Безумный корабль - Робин Хобб
Шрифт:
Интервал:
Закладка:
— То она моряк, то возчица! Во девку Грэйг обротал! А сколько денег сбережет — нанимать-то никого не понадобится… — прокричали в толпе. Кто-то одобрительно заулюлюкал. Альтия смотрела вперед, вскинув подбородок. Она легонько шлепнула коней вожжами, и они пошли рысью. Наверняка они знали дорогу домой; небось не ошибутся даже в сгущающейся темноте…
В том, что сама она отныне знает дорогу домой, Альтия весьма сомневалась…
ГЛАВА 19
СВИСТАТЬ ВСЕХ НАВЕРХ!
— Приехали, Давад.
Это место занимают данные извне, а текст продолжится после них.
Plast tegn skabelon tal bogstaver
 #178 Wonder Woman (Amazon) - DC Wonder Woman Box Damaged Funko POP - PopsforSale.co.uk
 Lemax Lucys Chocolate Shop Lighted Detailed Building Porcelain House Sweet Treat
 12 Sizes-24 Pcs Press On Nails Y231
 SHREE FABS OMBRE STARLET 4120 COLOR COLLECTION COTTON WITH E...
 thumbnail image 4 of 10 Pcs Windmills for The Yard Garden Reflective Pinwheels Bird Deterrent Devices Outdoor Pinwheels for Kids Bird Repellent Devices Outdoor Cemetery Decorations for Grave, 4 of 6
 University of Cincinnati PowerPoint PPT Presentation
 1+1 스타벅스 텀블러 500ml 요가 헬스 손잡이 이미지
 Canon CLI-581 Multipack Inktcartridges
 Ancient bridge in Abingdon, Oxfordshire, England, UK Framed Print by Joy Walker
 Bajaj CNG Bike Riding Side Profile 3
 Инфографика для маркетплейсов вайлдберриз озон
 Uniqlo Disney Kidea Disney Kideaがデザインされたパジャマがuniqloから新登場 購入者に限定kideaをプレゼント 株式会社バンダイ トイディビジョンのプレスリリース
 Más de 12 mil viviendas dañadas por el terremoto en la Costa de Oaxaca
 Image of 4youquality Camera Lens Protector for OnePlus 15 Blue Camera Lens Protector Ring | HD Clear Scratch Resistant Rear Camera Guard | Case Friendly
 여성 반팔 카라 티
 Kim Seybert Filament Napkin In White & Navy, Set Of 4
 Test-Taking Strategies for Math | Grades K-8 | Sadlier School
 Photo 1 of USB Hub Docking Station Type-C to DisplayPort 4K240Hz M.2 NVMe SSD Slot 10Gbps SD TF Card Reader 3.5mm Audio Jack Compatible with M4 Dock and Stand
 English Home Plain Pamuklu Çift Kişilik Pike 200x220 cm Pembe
Вылезай!
Дверца кареты застряла, но Давад даже не пытался открыть ее. Альтия в потемках едва различала бледное пятно его лица. Он съежился в углу сиденья, плотно зажмурившись. Альтия уперлась ногой в корпус кареты и что было сил рванула дверцу на себя. Та поддалась, и девушка едва устояла. Но даже и свались она наземь — некогда нарядному платью уже, как говорится, нечего было терять. Оно насквозь провоняло навозом и кровью и вдобавок промокло от пота.
Езда в качестве кучера далась Альтии непросто. Она только и ждала, что вот сейчас из-за ее неопытности карета сойдет с проезжей дороги и перевернется. Или налетят откуда-нибудь враги Давада, решившие не ограничиваться угрозами. Но вот наконец они добрались до парадных дверей его дома, и что же? Навстречу им не поспешил ни дворецкий, ни даже мальчишка-конюх. Кое-где в окнах дома горел, правда, свет, но с таким же успехом жилище Давада могло бы стоять и вовсе пустым. Нигде ни души — лишь тускло мерцал у двери фонарь…
Альтия недовольно спросила:
— Как звать твоего конюха?
Давад смотрел на нее, точно с того света:
— Я… я не знаю. Я с ним никогда не разговариваю…
— Ну, замечательно, — сказала Альтия. Откинула голову — и взревела в лучших традициях своей службы старпомом: — Мальчик! Живо сюда, возьми коней!.. Дворецкий, где тебя нелегкая носит?! Хозяин вернулся!!!
В одном из окон дрогнула занавеска: кто-то приподнял ее уголок и посмотрел вниз. Потом внутри раздались шаги; Альтия разглядела некую тень, приблизившуюся со стороны заднего двора. Она повернулась навстречу:
— Ты! А ну живо сюда! Возьми коней.
Маленькая фигурка замялась.
— Живо, я сказала!!! — рявкнула Альтия. Мальчику, возникшему из темноты, на вид было лет одиннадцать, не больше. Он подошел к головам лошадей и опять замер в нерешительности.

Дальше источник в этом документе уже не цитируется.